### DIRECTIONS:
The answer must be an exact copy of the records, with every picture left out.

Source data
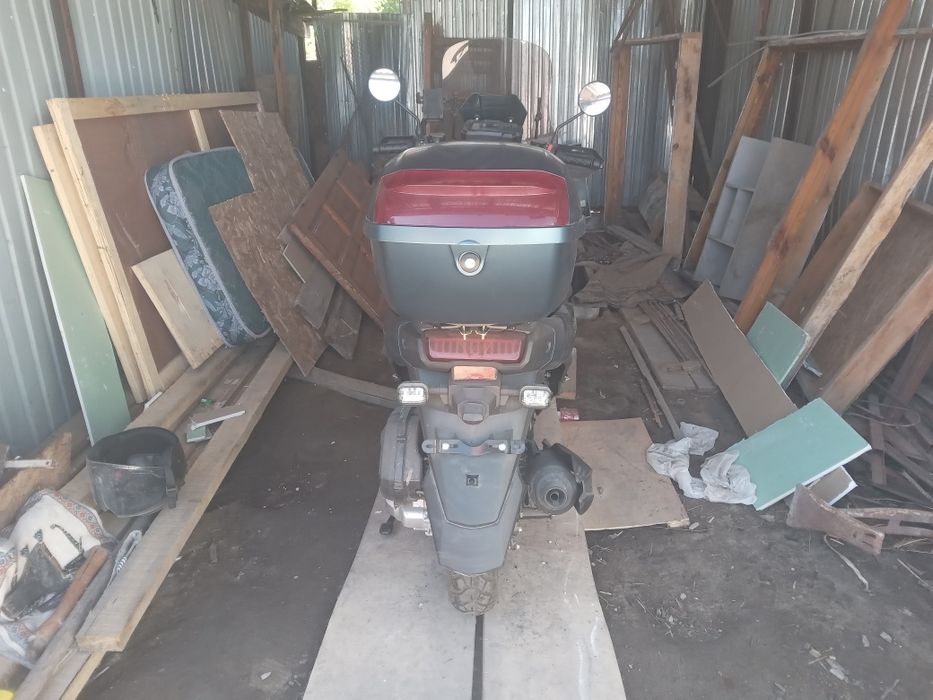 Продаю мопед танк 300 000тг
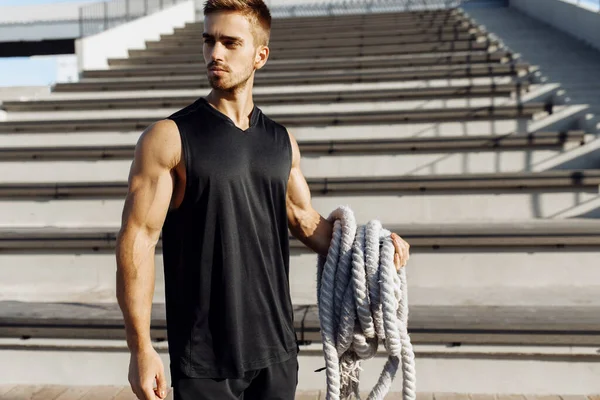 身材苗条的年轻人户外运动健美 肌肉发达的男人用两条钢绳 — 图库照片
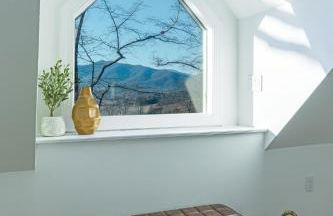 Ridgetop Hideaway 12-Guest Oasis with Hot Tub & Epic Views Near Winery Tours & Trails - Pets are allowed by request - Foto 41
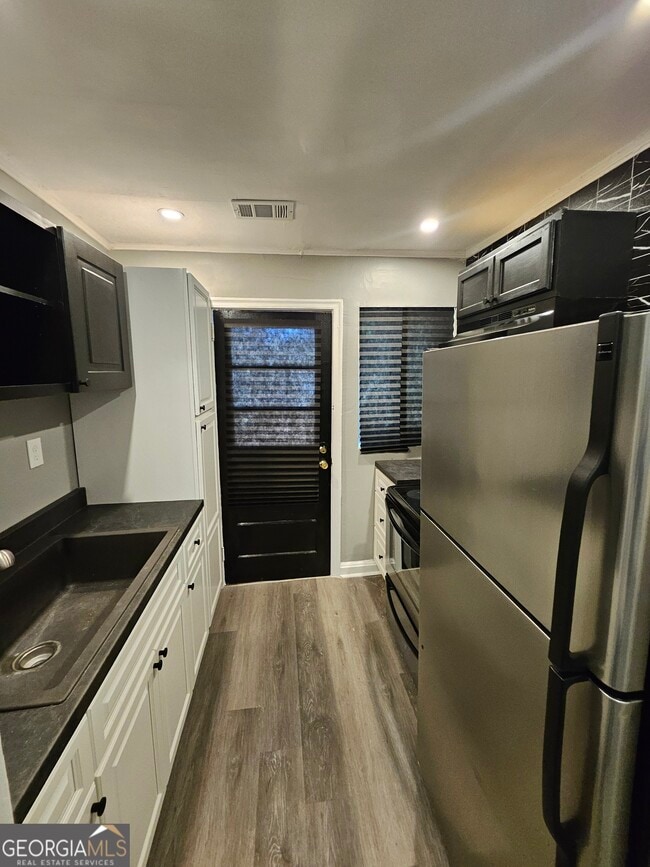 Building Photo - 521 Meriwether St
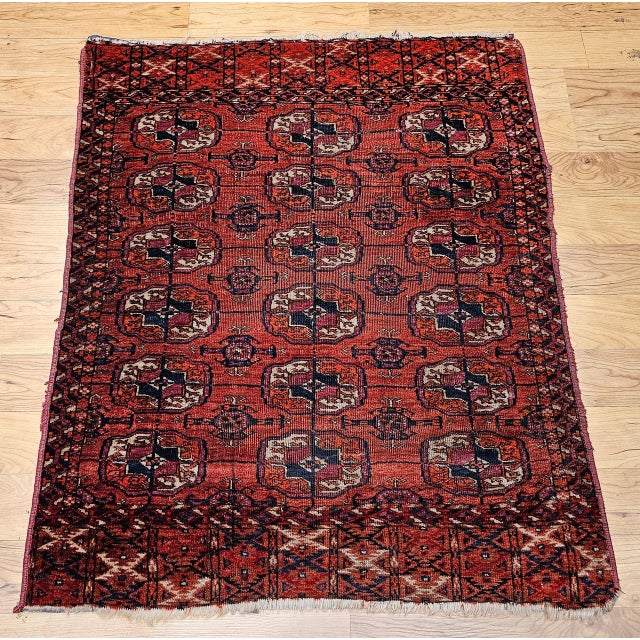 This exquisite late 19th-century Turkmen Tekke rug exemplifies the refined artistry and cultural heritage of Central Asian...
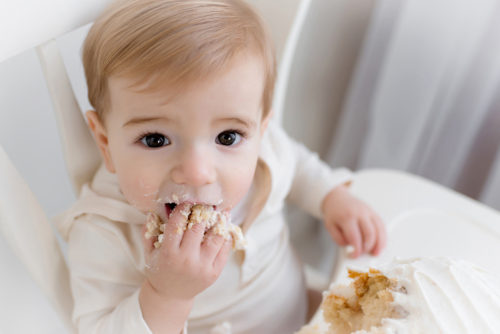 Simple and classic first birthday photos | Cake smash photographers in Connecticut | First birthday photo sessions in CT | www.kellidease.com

### RESPONSE FOR THIS EXERCISE:
 Продаю мопед танк 300 000тг
 身材苗条的年轻人户外运动健美 肌肉发达的男人用两条钢绳 — 图库照片
 Ridgetop Hideaway 12-Guest Oasis with Hot Tub & Epic Views Near Winery Tours & Trails - Pets are allowed by request - Foto 41
 Building Photo - 521 Meriwether St
 This exquisite late 19th-century Turkmen Tekke rug exemplifies the refined artistry and cultural heritage of Central Asian...
 Simple and classic first birthday photos | Cake smash photographers in Connecticut | First birthday photo sessions in CT | www.kellidease.com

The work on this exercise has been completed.